City resident Tim Lasiuta has entered the race for a seat on City council in next month’s municipal election.
Lasiuta said his involvement in the community has helped to make him a knowledgeable and practical choice for City council. He also pointed out that there doesn’t currently seem to be much representation for the average citizen.
He added that having worked in a number of areas over the years has also bolstered not only his experience in the community but it’s broadened his perspective as well.
Meanwhile, he’s concerned about the City’s debt load.
“The truth of the matter is a municipality with debt is basically bound for a long time to somebody. You can’t have the freedom to respond to issues that come up.
“It seems the more wealth we have in Red Deer and the more money that flows into our fair City, the more we think we can afford debt. But you can never afford debt.
“You build a community by investment in the community – not by debt.”
Next month’s election will also be providing opportunity for voters to indicate their opinion on whether the City is ready for a ward system. While it does provide a sense of accountability amongst councillors, there are problems with it such as what if a particular resident doesn’t connect with their given representative, said Lasiuta.

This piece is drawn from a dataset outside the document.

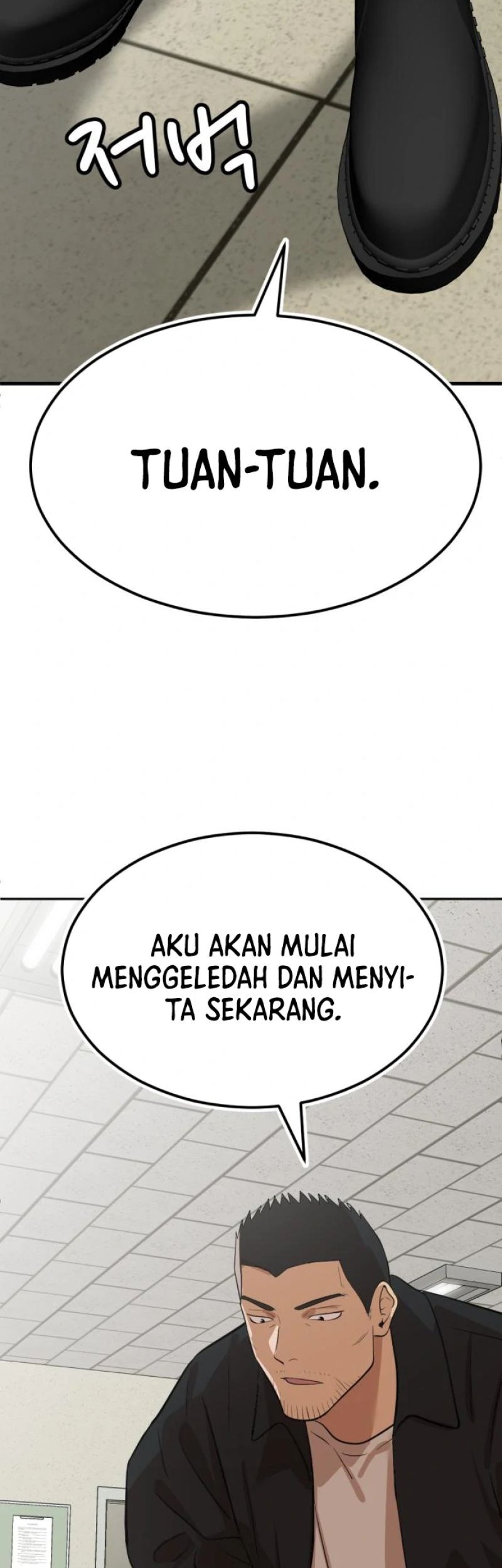 Company Grievance Squad chapter 07 halaman 14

“I don’t think we are big enough, and our City isn’t really designed to be neighbourhood ‘self-sufficient’.”
If elected, Lasiuta said he would also work to be more involved in the community at large. “I’d like to think I’d bring some engagement in the community,” he said. “I’m also a big supporter of service groups,” he added, pointing out he’d like to bring more attention to them all, not just the two or three that seem to land most of the attention these days. “You have to look at, over time, the projects they have built.”
Some of the lesser known service groups raise concerns that they aren’t often asked to be part of a given community project, he said. Tapping into what they all have to offer would only serve to enrich and better Red Deer, he said.
“A lot of things service clubs used to do the City has taken over as part of its function, which always leads to more debt in a community and once again a lack of engagement. There’s that loss of engagement on a local level.”
For Lasiuta, being involved in the community for a period of time is what makes a candidate suitable for council. “I think you have to spend time developing what you want to do.
“I also want to make sure there is a different voice on council, and that we, as a group, would stand together and make really good decisions together.
“I think it’s time we had a councillor that looked out for everyone in the City on all levels.”